Всего хорошего. Счастливо Вам обоим. До скорого!»
Думаю, в этом желании и требовании освобождения всех мы с тобой сходимся. Что ты думаешь?
С. Вальтер: Да, я чувствую, что мы, несмотря на твою позицию, или, может быть, именно благодаря ей, в целом, очень близки. В твоей ангажированности я вижу нечто пророческое. Даже в уменьшенном и суженном до секульярного взгляде остается пророческое начало. У тебя своя задача. Видишь, думаю, как раз в этой связи я могу объяснить тебе новый дух Ватиканского Собора, по которому каждый мирянин называется «участником пророческой миссии Христа». Думаю, что за этими определениями, за вскрытием сущности в церкви есть многое, что тебе пока еще чуждо, что к тебе еще не пришло.
Ф. Дэтвилер: Еще раз вернемся к писательству. Что означает для Вас соположение слогов и слов?
С. Вальтер: Писательство для меня связано с надеждой, но в то же время оно больше, чем надежда, это жизнь. Писательство и жизнь перетекают для меня одно в другое. Но прежде всего это необходимость что-либо сообщить. Мне кажется, что необходимо что-то рассказать. Я должна передать то, что мне удалось открыть. Монастырь для меня – это открытие, не монастырь Фар как пространство, нет, скорее, феномен «Бога и человека внутри этого пространства». Именно это я хочу, я должна формулировать вновь и вновь. Это вечный импульс для моего писательства. Можно сказать, что необходимость сообщать себя, так же как дышать и смеяться, спать и есть, относятся к абсолютно необходимым потребностям в моей жизни.
При этом сообщение постоянно приводит меня к людям, заставляет завязывать отношения, так что это не только аналитическое, дневниковое самопознание и самообретение, но мой дар, моя любовь к человеку.
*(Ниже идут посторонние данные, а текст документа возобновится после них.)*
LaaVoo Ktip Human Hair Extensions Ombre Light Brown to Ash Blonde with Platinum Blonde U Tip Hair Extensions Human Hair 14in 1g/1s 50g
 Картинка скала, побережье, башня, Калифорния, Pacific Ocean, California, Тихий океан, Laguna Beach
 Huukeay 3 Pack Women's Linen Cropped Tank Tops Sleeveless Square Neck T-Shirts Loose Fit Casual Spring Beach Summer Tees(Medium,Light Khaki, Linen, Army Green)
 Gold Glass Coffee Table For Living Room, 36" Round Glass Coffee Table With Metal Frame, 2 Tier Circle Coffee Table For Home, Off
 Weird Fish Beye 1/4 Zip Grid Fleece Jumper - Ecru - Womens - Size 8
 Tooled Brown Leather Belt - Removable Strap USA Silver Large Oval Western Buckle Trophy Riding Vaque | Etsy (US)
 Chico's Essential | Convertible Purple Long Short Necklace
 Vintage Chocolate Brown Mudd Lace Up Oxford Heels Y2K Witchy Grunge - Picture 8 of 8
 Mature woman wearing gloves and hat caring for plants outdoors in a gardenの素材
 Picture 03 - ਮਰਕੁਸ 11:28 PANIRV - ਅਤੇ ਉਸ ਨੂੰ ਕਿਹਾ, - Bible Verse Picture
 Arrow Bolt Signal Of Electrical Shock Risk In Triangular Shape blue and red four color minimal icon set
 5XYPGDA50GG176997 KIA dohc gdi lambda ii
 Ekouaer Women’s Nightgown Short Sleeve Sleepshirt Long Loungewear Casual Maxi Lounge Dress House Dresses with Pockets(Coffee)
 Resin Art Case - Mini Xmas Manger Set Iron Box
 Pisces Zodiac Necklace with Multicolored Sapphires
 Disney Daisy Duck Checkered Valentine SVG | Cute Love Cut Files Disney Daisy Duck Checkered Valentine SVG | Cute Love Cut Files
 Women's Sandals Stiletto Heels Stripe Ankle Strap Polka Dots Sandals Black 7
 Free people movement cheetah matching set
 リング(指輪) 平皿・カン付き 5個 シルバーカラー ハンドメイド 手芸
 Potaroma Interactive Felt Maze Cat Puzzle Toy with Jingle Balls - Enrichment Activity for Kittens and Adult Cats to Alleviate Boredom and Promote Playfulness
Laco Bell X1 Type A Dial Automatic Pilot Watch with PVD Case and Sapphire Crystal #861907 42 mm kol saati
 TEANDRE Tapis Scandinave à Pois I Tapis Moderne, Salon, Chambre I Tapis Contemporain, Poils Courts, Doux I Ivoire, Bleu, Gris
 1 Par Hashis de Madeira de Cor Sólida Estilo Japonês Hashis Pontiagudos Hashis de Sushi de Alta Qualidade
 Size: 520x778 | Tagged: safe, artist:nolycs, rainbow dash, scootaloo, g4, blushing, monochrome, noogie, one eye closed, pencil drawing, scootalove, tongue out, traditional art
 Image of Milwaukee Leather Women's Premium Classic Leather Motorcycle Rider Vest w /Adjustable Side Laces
Я люблю его, а потому хочу рассказать ему о себе, о том, что со мной происходит. Я знаю, что с ним происходит то же самое, только он еще об этом не знает, он еще не видит, не открыл этого, он стоит в самом центре происходящего, но у него еще нет ни нового зрения, ни нового слуха. Ему это только предстоит. И мне хочется помочь ему в этом, помочь, не поучая, без умной диалектики и воинственных споров – я к этому не способна. Но, возможно, я могла бы что-то сделать, очаровав его своим словом. Чарующая сила должна исходит из слова и передаваться другому человеку. Когда он читает меня, ему должно быть радостно и хорошо, должно хотеться сказать: «Это то, что я нигде не мог найти. Все остальные истории заканчиваются отрицанием, у Вас же происходит нечто, связанное с единым целым». Конечно, если кто-то мне такое говорит, я про себя думаю: ну да, наивный, которому не хватает чувства защищенности… Однако в сущности я не могу не признать его правоту.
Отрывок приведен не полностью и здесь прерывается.